■ Task statement: Restate word for word the span of lines that opens with the line containing "RhisoHair Mix Brown" and closes with the last line of the material. Include both ends and nothing more.

■ Source data:
>>>
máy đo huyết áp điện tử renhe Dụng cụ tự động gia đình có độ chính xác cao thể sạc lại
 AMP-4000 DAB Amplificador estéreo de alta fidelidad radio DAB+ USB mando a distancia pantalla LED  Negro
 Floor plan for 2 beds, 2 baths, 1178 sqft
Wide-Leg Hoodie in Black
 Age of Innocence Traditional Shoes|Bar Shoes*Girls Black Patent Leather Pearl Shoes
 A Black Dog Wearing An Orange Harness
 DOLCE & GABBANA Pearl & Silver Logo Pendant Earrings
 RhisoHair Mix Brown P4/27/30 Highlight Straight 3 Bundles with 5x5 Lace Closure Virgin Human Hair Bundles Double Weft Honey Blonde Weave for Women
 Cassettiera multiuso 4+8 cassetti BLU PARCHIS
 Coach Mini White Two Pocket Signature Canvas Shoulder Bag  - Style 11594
<<<
■ Answer for this exercise:
 RhisoHair Mix Brown P4/27/30 Highlight Straight 3 Bundles with 5x5 Lace Closure Virgin Human Hair Bundles Double Weft Honey Blonde Weave for Women
 Cassettiera multiuso 4+8 cassetti BLU PARCHIS
 Coach Mini White Two Pocket Signature Canvas Shoulder Bag  - Style 11594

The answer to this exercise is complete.